Introduction

Myelin oligodendrocyte glycoprotein (MOG) is an encephalitogenic protein on CNS oligodendrocytes that can initiate demyelinating autoimmune responses in experimental models of inflammatory demyelinating diseases [1]. After years of conflicting research on the role of MOG-IgG antibodies in neuroinflammatory diseases, the methodological improvements using more reliable cell-based assays presenting human MOG protein in a biosimilar conformation have identified typical clinical presentations associated with anti-MOG-IgG antibodies, now called MOG-IgG-associated encephalomyelitis (MOG-EM). In the past few years, growing clinical, immunological and histopathological evidence suggests that MOG-EM can now be considered as a clearly distinct disease entity from both multiple sclerosis (MS) and aquaporin-4-positive neuromyelitis optica spectrum disorder (NMOSD) [2,3,4,5]. Terms like “MOG-positive NMOSD” should, therefore, be avoided to clearly separate MOG-EM, which has a different antibody-mediated pathology and broader clinical spectrum, from aquaporin-4 associated NMOSD [1, 3]. While anti-myelin oligodendrocyte glycoprotein antibodies (MOG-IgG) were originally linked especially to acute disseminated encephalomyelitis (ADEM)-like presentation in pediatric patients [6, 7], more recent studies proposed a wider clinical spectrum including uni- and bilateral optic neuritis (ON), short and longitudinal extensive transverse myelitis (LETM), brainstem and cerebellar lesions or seizures [8,9,10,11,12,13,14,15].

Recently, for the first time, diagnostic criteria for MOG-EM have been proposed based on a combination of (1) seropositivity for MOG-IgG with (2) one of the clinical presentations described above and (3) MRI or electrophysiological findings compatible with CNS demyelination [2]. Due to a substantial overlap in clinical and radiological presentations between MOG-EM and other acquired demyelinating CNS disorders, deciding which clinical and paraclinical findings should be accompanied by MOG-IgG testing, especially at first clinical presentation, remains an evolving challenge.
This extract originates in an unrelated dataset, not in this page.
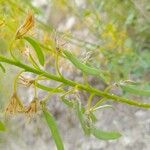 Cleome oxypetala Vrucht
For example, isolated uni- or bilateral optic neuritis has been reported as the most common symptom at MOG-EM disease onset (64% and 73% of patients in a German and an Australasian/New Zealand cohort of patients with MOG-EM) [8, 16] and isolated LETM was the first clinical symptom in only 11% and 18% of these patients. This lies in the range of 7.4–23.2% of previously reported prevalence of MOG-IgG seropositivity in AQP4-IgG-seronegative LETMs [4]. In these cohorts, patients with LETM as first clinical symptom were associated with a larger percentage of residual disability, suggesting that early and aggressive treatment would be particularly warranted in this patient population [16]. Apart from MOG-EM and NMOSD, LETM occurs in various other autoimmune inflammatory diseases such as neurosarcoidosis or Sjögren syndrome [17]. So far, details about clinical, MRI and radiological findings of patients with LETM as a first clinical manifestation of MOG-EM are still rare, especially in cohorts exclusively including adults. In our study, we investigated characteristics of such patients in a cohort of seven individuals presenting with isolated MOG-IgG-positive LETM, identified from a larger cohort of 62 patients with LETM. We report cerebrospinal fluid (CSF) and magnetic resonance imaging (MRI) data, clinical presentation and disease development under B cell-depleting therapy. We present common characteristics of MOG-EM patients with LETM at initial presentation, which will help distinguish this condition from alternative inflammatory-mediated spinal cord affections.

Methods

Patients

Clinical and paraclinical data of patients who presented with myelitis between 2010 and 2018 in the university medical centers of Mainz and Münster were evaluated. Data were obtained for routine clinical assessment and retrospectively evaluated. Patients who had been diagnosed with MS according to the revised McDonald criteria [18] were excluded from the study. We identified 153 myelitis patients of which 91 showed spinal cord lesions extended over less than three vertebral segments and were excluded from further analysis. In this subgroup, 39 patients were tested for MOG-IgG antibodies and 3 tested positive. 62 patients showed longitudinal extensive transverse myelitis (LETM) defined as at least one spinal cord lesion extending over more than three vertebral segments. In this cohort, eight patients tested positive for MOG-IgG antibodies in serum. Patients who did not show isolated LETM as first clinical presentation of MOG-EM were excluded from this study. One of the patients showed a combination of LETM with severe cerebral ADEM and more than 15 cerebral gadolinium enhancing lesions and was, therefore, excluded. In total, seven patients presented with isolated myelitis and were further evaluated (see Fig. 1). Patients were followed up for an average of 31 months after disease initiation (range 6–68 months). Available brain and spinal cord MRI data were evaluated and included axial and sagittal images of the brain and spinal cord obtained by T1-weighted, T2-weighted and fluid-attenuated inversion recovery (FLAIR). MRI data were obtained during primary manifestation of disease before start of treatment. See Table 1 for all patient data.

Fig. 1
figure 1

Flow chart demonstrating selection of patients for further analysis and distribution of etiology of LETM in patients. ADEM acute disseminated encephalomyelitis, AQP4 aquaporin 4, LETM longitudinal extensive transverse myelitis, MOG myelin oligodendrocyte glycoprotein, MS multiple sclerosis, NMOSD neuromyelitis optica spectrum disorder

Table 1 Overview of clinical findings of individual patients

MOG antibody detection

Anti-MOG-IgG antibody titers in serum and CSF were determined using cell-based assays (Anti-Myelin Oligodendrocyte Glycoprotein (MOG) IIFTT, EUROIMMUN AG) with native MOG as a substrate. Data on Anti-MOG-IgG antibody titers were obtained during routine clinical assessment of patients and retrospectively evaluated.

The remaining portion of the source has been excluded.